Memorandum submitted by Special Education
Consortium
The Special Educational Consortium (SEC) is
convened under the auspices of the Council for Disabled Children
to protect and promote the interests of children and young people
with special educational needs and disabilities. SEC provides
a policy forum on issues affecting children and young people with
special educational needs and disabilities. SEC is a broad consortium
consisting mainly of voluntary organisations but including professional
associations and local government organisations as well. SEC defines
its policies by identifying areas of consensus that exist among
the wide range of groups represented within it.
SEC welcomes the opportunity to submit evidence
to the Select Committee to inform their inquiry into special educational
needs and disability. SEC would welcome the opportunity to clarify
any aspect of this submission and to supplement written evidence
with oral evidence.
SEC presents its evidence in the following sections:1. Provision
for SEN pupils in "mainstream" schools.
2. Raising standards of achievement for SEN pupils:
Access to specialist support in a
delegated system.
3. Improving transparency and accountability:
4. The system of statements of need for SEN pupils.
5. The legislative framework for SEN provision
and the effects of the Disability Act 2001, which extended the
Disability Discrimination Act to education.
6. SEN and disability in every policy.
1. PROVISION
FOR SEN PUPILS
IN "MAINSTREAM"
SCHOOLS
1.1 SEC recognises that the Select Committee
is taking evidence in the wake of a series of high profile debates
over this summer. These debates have generated more heat than
light, more polarisation of views than consensus.
1.2 SEC recognises that the majority of
parents of disabled children or children with special educational
needs want their child to be educated in their local mainstream
school with their brothers and sisters and other children who
live locally. Until recently there were significant limitations
on parents' entitlement to a mainstream place for their child.
With the implementation of the SEN and Disability Act in September
2002 parents secured an increased right to a mainstream place.
SEC supports the current position that enables parents to express
a preference for a mainstream school and to have a reasonable
expectation that their preference will be met.
1.3 Inclusion is not about placing disabled
children and children with special educational needs in mainstream
schools, ignoring difference and "treating all pupils the
same". It is about making appropriate provision to meet each
pupil's needs and reasonable adjustments to enable each pupil
to access the whole life of the school. The provision and the
adjustments may be different for each pupil. This is the essence
of inclusion.
1.4 SEC celebrates the fact that many disabled
children and children with special educational needs are now educated
with their peers in mainstream schools. Schools that are working
hard to include all children attest to the benefits for all children
of working in the way that they do.
1.5 Some parents seek a special school place
for their child, some as a matter of principle, but many of these
parents do so because of poor experiences of mainstream, including:
a lack of ready welcome for their
child;
a lack of understanding of their
child's impairment and their child's educational needs;
difficulty in securing the necessary
expertise in schools;
difficulty in securing appropriate
provision within the school; or
difficulty in securing the appropriate
support from elsewhere.
1.6 Perhaps because of some of these difficulties,
progress on inclusion has been slow. Ofsted[1]
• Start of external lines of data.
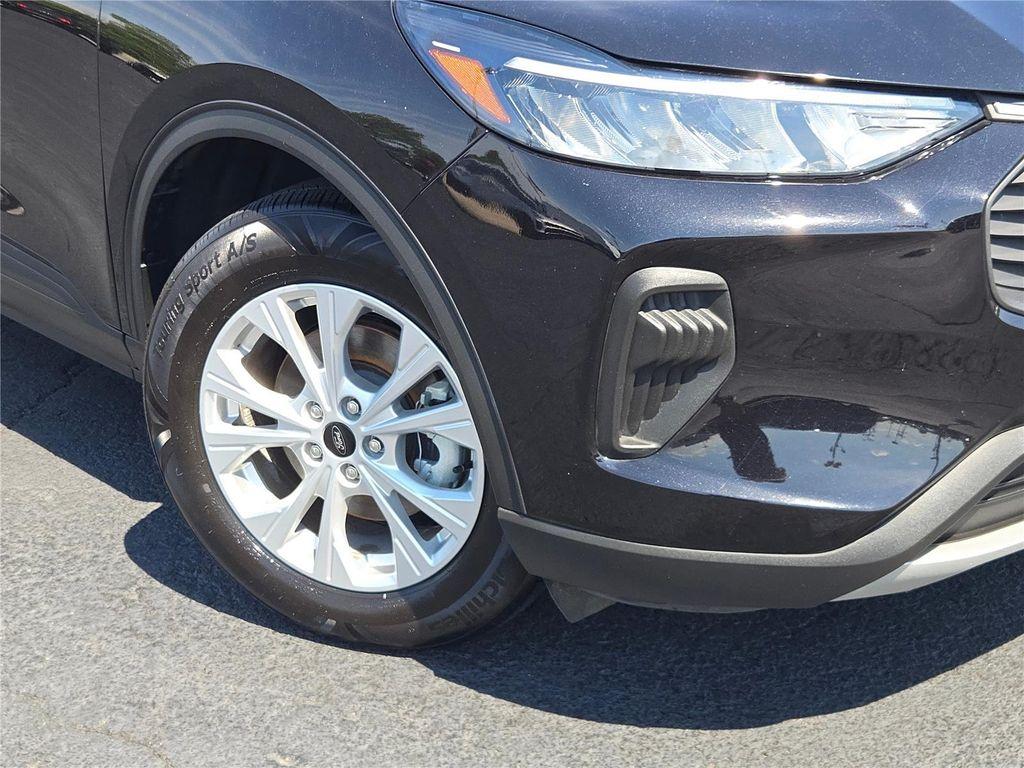 used 2024 Ford Escape car, priced at $21,480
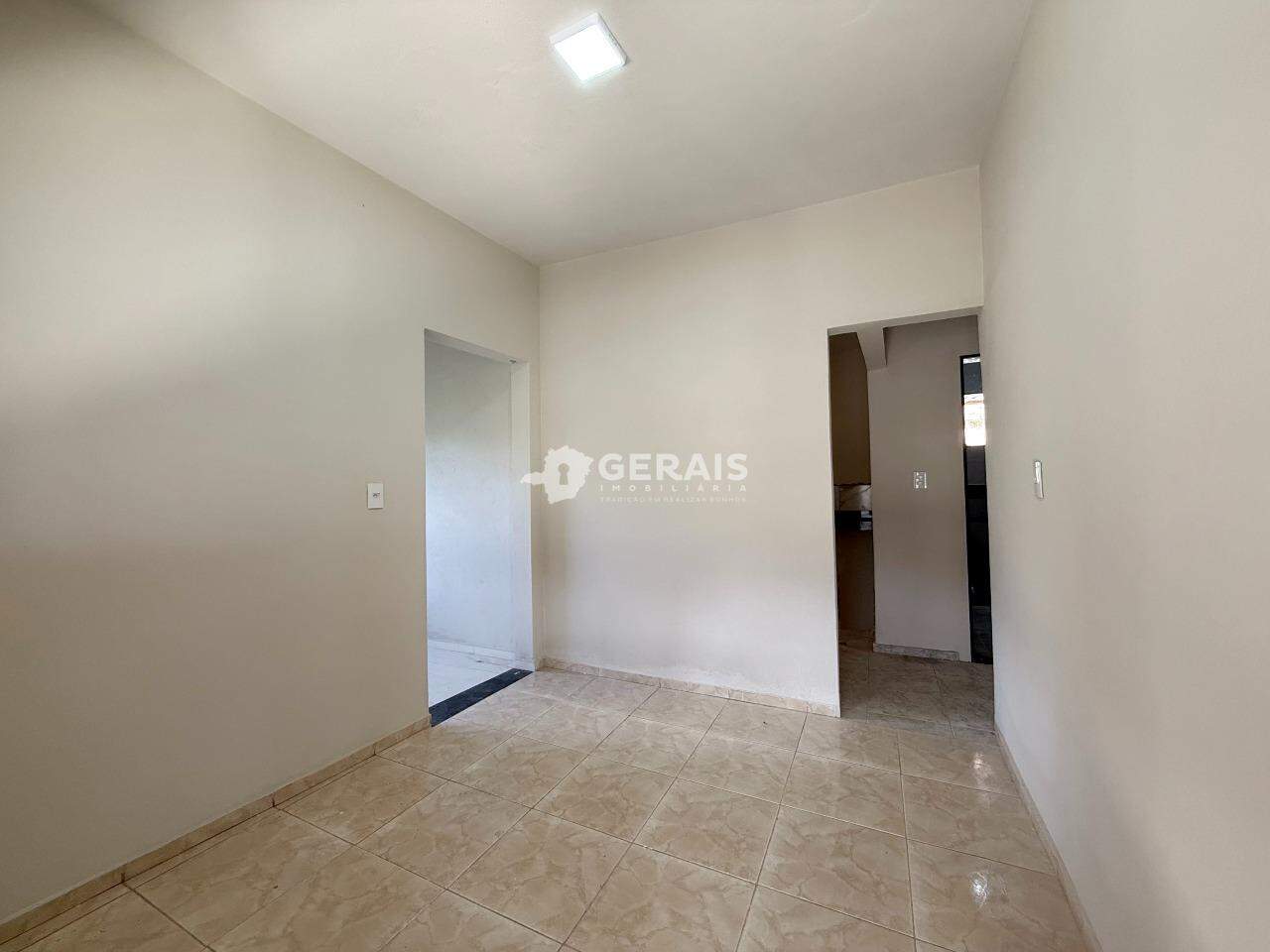 Casa para aluguel no SÃO LUÍS: 04- SALA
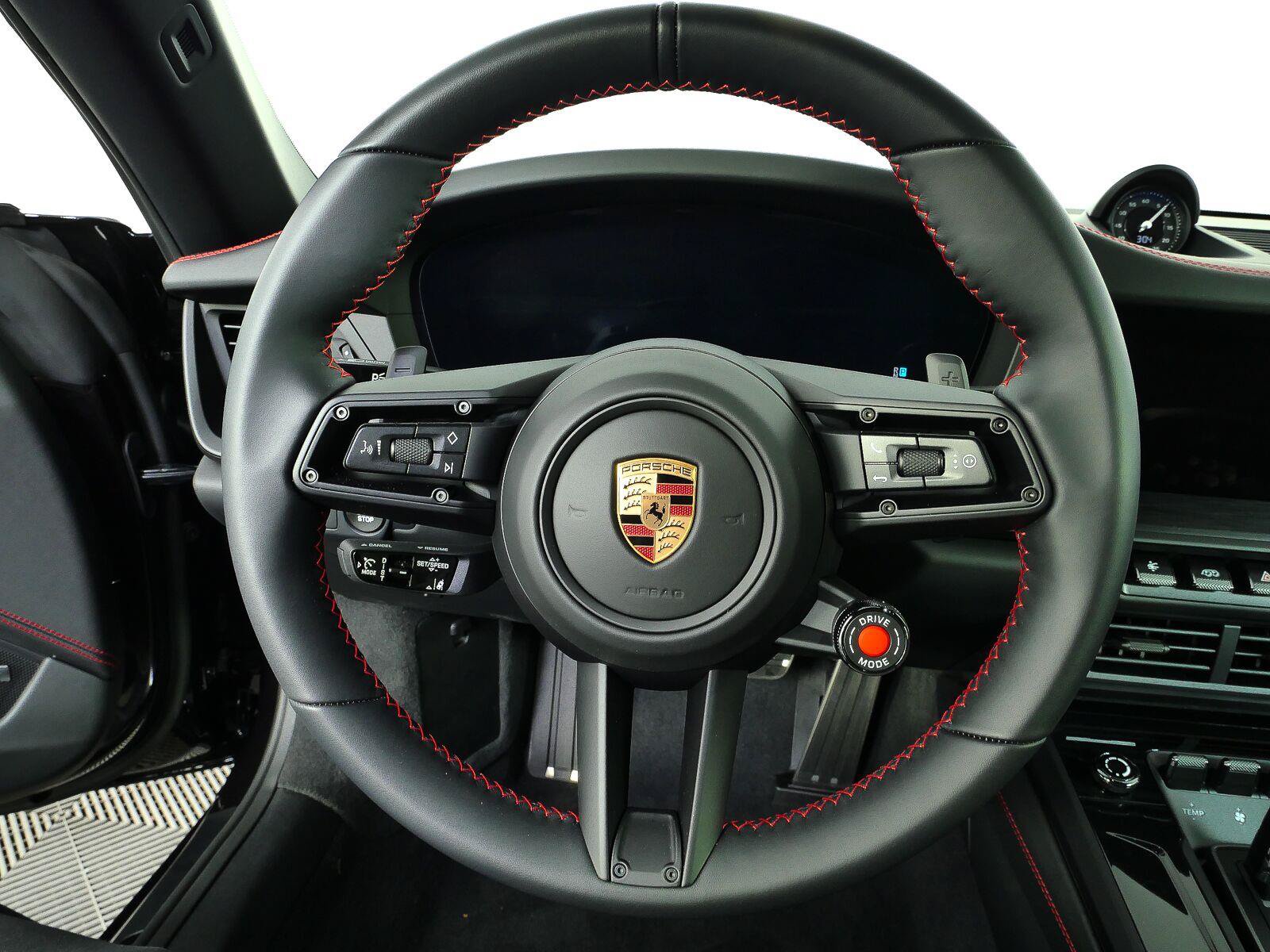 Certified 2026 Porsche 911 Targa 4 GTS AWD/4WD image 10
reports that there has been little change in the overall numbers
of pupils included into mainstream schools over the last four
to five years. Whilst a number of special schools have closed,
there has been no overall reduction in the proportion of the school
population placed outside mainstream schools. In this context
it is hard to give credence to the voices claiming that inclusion
has gone too far.
1.7 SEC recognises the genuine challenges
in developing appropriate mainstream provision. SEC has welcomed
the significant government commitments to improving opportunities
for disabled children and children with special educational needs,
as set out in the 10-year strategy, Removing barriers to achievement.
[2]SEC
believes that there will be significant benefits arising from
the implementation of the Strategy and that these will be important
in developing the capacity of mainstream schools to provide for
disabled pupils and pupils with special educational needs. Particularly
important to this are:
the proposals on training for staff,
both initial training and continuing professional development;
the increased emphasis on outcomes
for disabled children and children with special educational needs;
and
a focus on ensuring a range of appropriate
forms of support for pupils and for their teachers.
1.8 SEC is concerned about the quality of
provision made for disabled children and children with special
educational needs, whether it is made in mainstream or special
schools. There are some excellent special schools, but they are
not all small, well-ordered communities, havens from bullying
and better able to engender a sense of belonging than mainstream
schools. A recent paper by Baroness Warnock[3]
proposes that special schools are the appropriate place for a
much greater number of pupils than are currently placed in them.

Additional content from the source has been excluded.